Logo ali na rua ficam vários estabelecimento alguns deles curiosos! Fui dar com um atelier de pintura de um fulano que estava de volta de uma tela que fazia lembrar as mandalas!

Estivemos ali no paleio enquanto ele pintava com uma minucia impressionante!

Parece que tudo o que ele pintava era do mesmo tipo de composição, telas ou suportes quadrados com desenhos caleidoscópicos que leitura a partir dos 4 lados. Muito bonito!

Ainda me fui meter num alfarrabista que me prendeu a atenção por longos minutos, até eu decidir que o inglês não é a língua que eu mais facilmente leio e que não queria massacrar-me a puxar pela cabeça por isso não iria comprar livros e ponto final!

E pus-me a andar na direção da costa até ser surpreendida por uma construção em ruinas! Eu sei que é o que mais há por lá, igrejas em ruinas, mas há algumas a que não consigo resistir, pronto!

E acabei por me divertir um bocado! Estava a chegar um grupo de pessoas que percebi eram as damas de honor e os respetivos moços, mais os noivos, para fazerem fotos no local!

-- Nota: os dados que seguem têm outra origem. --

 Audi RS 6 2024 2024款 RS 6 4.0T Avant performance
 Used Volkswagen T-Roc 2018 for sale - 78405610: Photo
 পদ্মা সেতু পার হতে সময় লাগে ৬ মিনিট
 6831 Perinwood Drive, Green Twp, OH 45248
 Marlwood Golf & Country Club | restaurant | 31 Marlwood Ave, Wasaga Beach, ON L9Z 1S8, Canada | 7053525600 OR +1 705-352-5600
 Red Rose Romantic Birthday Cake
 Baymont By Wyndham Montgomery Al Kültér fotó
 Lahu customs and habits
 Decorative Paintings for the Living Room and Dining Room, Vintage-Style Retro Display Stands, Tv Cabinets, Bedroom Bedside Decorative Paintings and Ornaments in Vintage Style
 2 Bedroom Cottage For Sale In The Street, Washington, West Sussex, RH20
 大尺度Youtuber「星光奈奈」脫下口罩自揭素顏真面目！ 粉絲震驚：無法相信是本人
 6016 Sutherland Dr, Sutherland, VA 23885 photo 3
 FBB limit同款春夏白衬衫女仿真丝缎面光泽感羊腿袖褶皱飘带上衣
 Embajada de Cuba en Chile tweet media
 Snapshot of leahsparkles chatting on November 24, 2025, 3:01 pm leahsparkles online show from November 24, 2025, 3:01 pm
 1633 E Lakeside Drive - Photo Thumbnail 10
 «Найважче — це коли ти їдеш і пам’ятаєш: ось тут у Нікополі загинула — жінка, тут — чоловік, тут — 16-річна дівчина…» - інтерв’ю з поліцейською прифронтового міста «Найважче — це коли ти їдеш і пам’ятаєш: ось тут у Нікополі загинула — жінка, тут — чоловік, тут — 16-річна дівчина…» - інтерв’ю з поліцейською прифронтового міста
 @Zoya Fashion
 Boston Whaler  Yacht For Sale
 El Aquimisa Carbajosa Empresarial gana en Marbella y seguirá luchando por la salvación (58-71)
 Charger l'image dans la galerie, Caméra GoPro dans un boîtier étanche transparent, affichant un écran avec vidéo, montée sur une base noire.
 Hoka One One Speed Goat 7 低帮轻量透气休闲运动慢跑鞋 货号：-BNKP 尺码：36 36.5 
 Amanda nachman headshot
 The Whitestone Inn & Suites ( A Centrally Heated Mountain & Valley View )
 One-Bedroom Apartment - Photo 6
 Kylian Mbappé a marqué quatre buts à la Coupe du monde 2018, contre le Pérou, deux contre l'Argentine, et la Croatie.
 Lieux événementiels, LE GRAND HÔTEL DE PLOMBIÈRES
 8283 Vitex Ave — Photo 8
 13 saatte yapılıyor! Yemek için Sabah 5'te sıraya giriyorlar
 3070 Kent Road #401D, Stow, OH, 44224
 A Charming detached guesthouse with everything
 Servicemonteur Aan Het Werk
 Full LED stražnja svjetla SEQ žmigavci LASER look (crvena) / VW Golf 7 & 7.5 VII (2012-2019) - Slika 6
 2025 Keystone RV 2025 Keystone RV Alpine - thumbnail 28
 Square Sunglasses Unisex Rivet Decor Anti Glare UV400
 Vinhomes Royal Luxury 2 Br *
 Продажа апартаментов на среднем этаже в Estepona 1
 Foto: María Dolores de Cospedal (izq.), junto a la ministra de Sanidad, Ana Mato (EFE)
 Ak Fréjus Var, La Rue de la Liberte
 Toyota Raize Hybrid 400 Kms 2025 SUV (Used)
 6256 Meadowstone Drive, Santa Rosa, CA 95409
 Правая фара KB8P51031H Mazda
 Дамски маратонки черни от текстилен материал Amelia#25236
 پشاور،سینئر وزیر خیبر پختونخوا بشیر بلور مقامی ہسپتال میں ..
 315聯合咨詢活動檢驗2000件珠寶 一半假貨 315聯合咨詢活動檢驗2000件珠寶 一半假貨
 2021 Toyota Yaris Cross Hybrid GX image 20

Eu adoro estas coisas e há sempre um ou dois casamentos no percurso de todas as minhas viagens! Faltava um nesta!

As damas de honor eram redondinhas e não sabiam andar de saltos altos, por isso pareciam meio tortinhas, uma acabou por os tirar e seguir descalça pela relva! Eheheh

Os moçoilos vestiam todos de igual, o noivo incluído, não entendi porquê, ainda por cima de calças beges com suspensórios!

A noiva era a mais bonita, a mais magra e a mais elegante! Será que o casamento era um bom pretexto para desencalhar as damas de honor?! Eheheheh

Bem fui saindo dali, para não aparecer uma sombra negra de chapéu no fundo das fotos, e fui ver a abadia.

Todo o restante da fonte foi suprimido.